Teaching of GIS through the 1990s continued to follow a largely conventional path with lectures on theory plus practical exercises using either the latest technology from the major vendors (such as ESRI and Intergraph) or more commonly through the use of more simplified PC-based, university-developed software products (such as MAP, IDRISI and MacGIS). Undoubtedly, a major breakthrough came with the establishment of the U.S. National Science Foundation-sponsored National Center for Geographic Information and Analysis (NCGIA), which chose as one of its first tasks to develop a core curriculum for GIS education (Goodchild and Kemp, 1990).

Since those early years, many institutions (including the University of Melbourne) have now established graduate programs in GIS, while individual service subjects have also been made widely available in GIS and remote sensing for undergraduates. However, there is now an increasing trend towards the recognition of geographic information science and technology as a discipline in its own right, and complete programs are becoming available at the undergraduate level. Examples from around the world include: the Bachelor of Geographic Information Science degree from Curtin University in Western Australia; the Bachelor of Science degree (in Geographic Information Science) from Macquarie University in New South Wales, Australia; and the Certificate of Excellence in Geographic Information Systems from the University of Waterloo, Canada. In numerous other cases, universities are offering a GIS-based specialisation within in their undergraduate geography or geomatics programs. So there is a range of mechanisms available for introducing GIS to educational curricula.

The current undergraduate degree administered by the Department of Geomatics at the University of Melbourne is the Bachelor of Geomatic Engineering—a four-year professional course of study that meets the requirements of the Institution of Engineers, Australia, the Institution of Surveyors, Australia, and the Surveyors Board of Victoria. The degree originally had its foundations in surveying and mapping science, but in recent years has moved into the wider domain of spatial or geographic information science and technology. Nonetheless, it is still fundamentally a professional engineering degree structured around the requirements of the professional bodies and licensing authorities that accredit it. In addition the Bachelor of Geomatic Engineering can be combined with the Bachelor of Arts, the Bachelor of Science, the Bachelor of Planning and Design (in Property and Construction), the Bachelor of Information Systems, and the Bachelor of Law.

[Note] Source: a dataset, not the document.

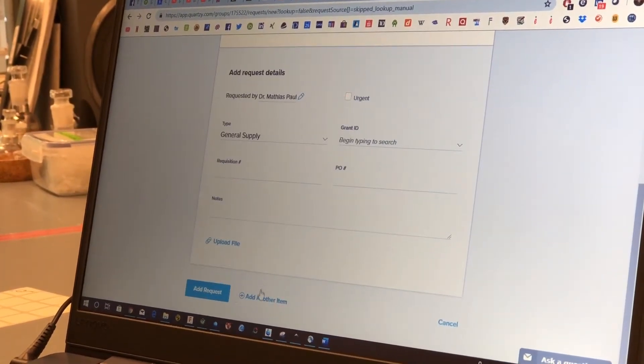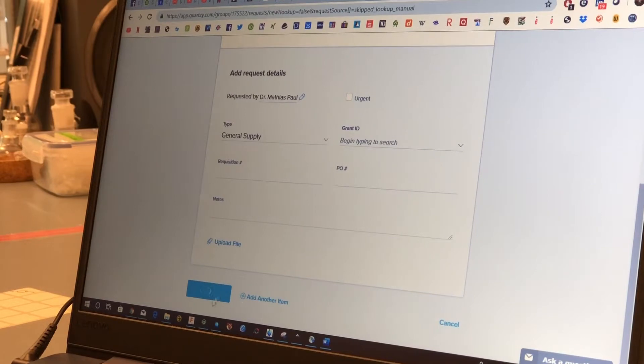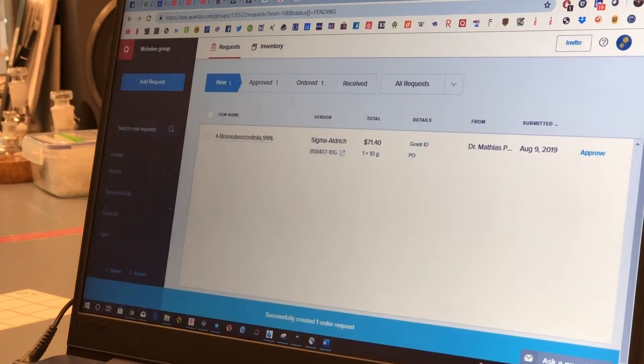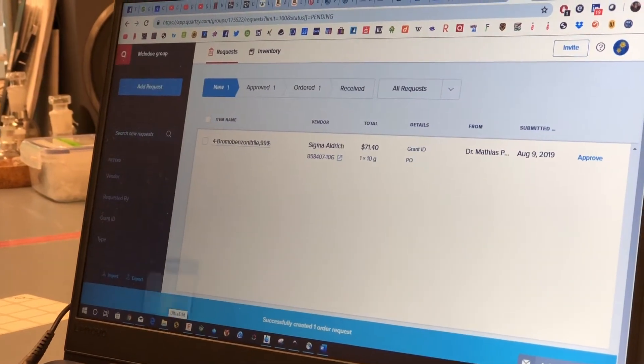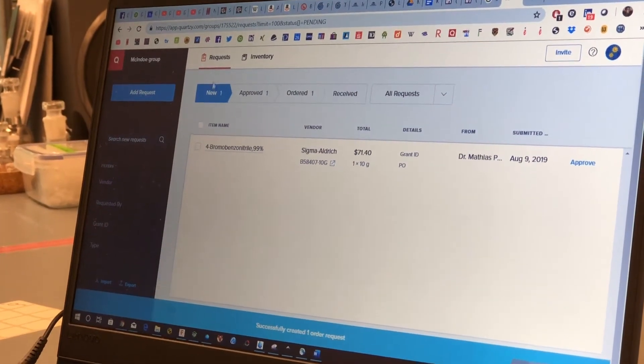And that's it. You add the request and it is under new requests.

The history of the Department and its various courses are described more fully in Hunter (2001) and Bervoets et al. (1999).

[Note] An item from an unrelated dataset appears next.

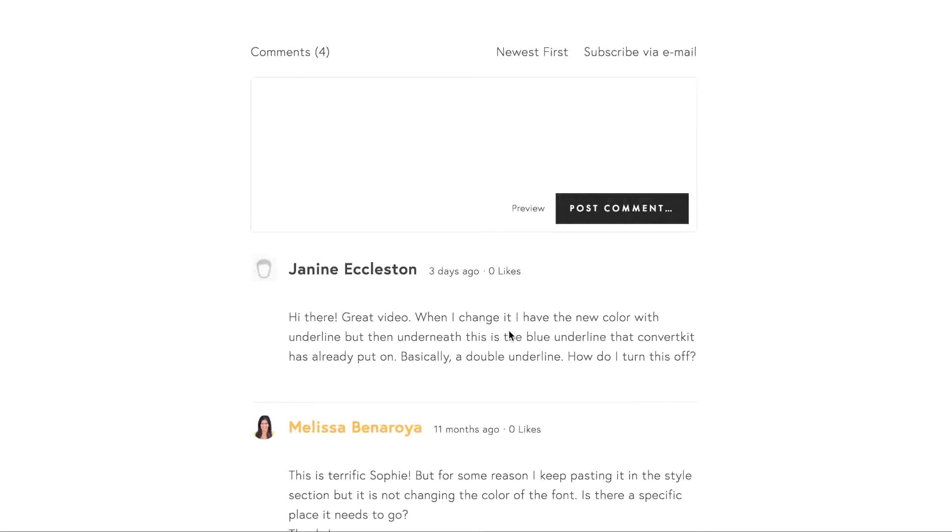When I change the link color, I have the new color with underline. But then underneath this is the blue underline that ConvertKit has already put on. Basically, a double underline. How do I turn this off?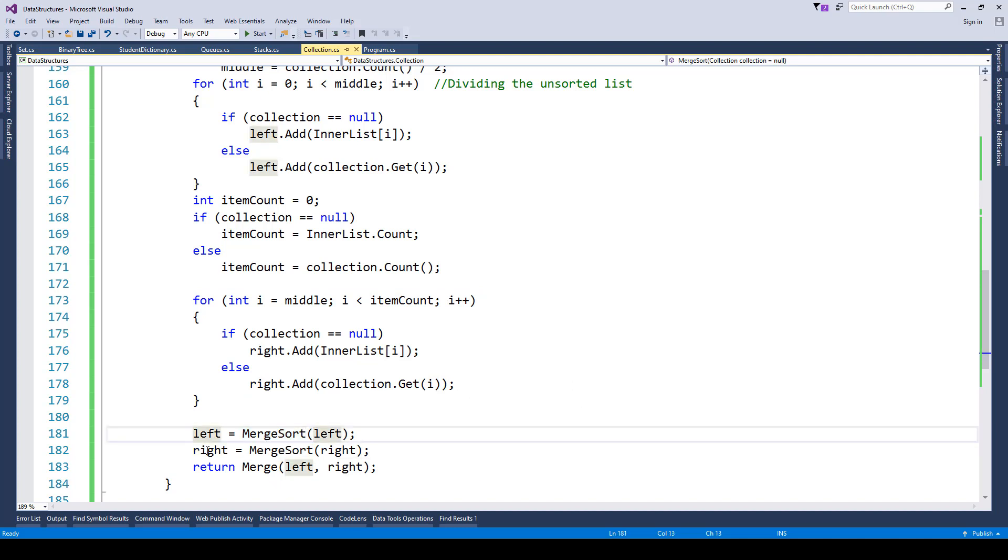When we have the left and right available to us, we call the merge method which finally merges these two lists together and produces the sorted list.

However, the geomatic engineering discipline has rapidly expanded over the last five years—to the extent that the geographic component of information technology has now become a major global growth area. Indeed, annual worldwide expenditure in this field (in terms of software, hardware, training and data) is estimated in 2002 to be of the order of $34 billion, while in Australia alone it already exceeds $1 billion per annum. Thus, the demand for qualified graduates in this area is becoming more acute than ever before, and is certainly greater than the demand for graduates from the Department's mainstream professional engineering degree. For several years, members of the Department of Geomatics’ advisory board have advocated the introduction of a shorter 3-year undergraduate degree, which would specialise in meeting the variety of staffing needs of the geographic information industry.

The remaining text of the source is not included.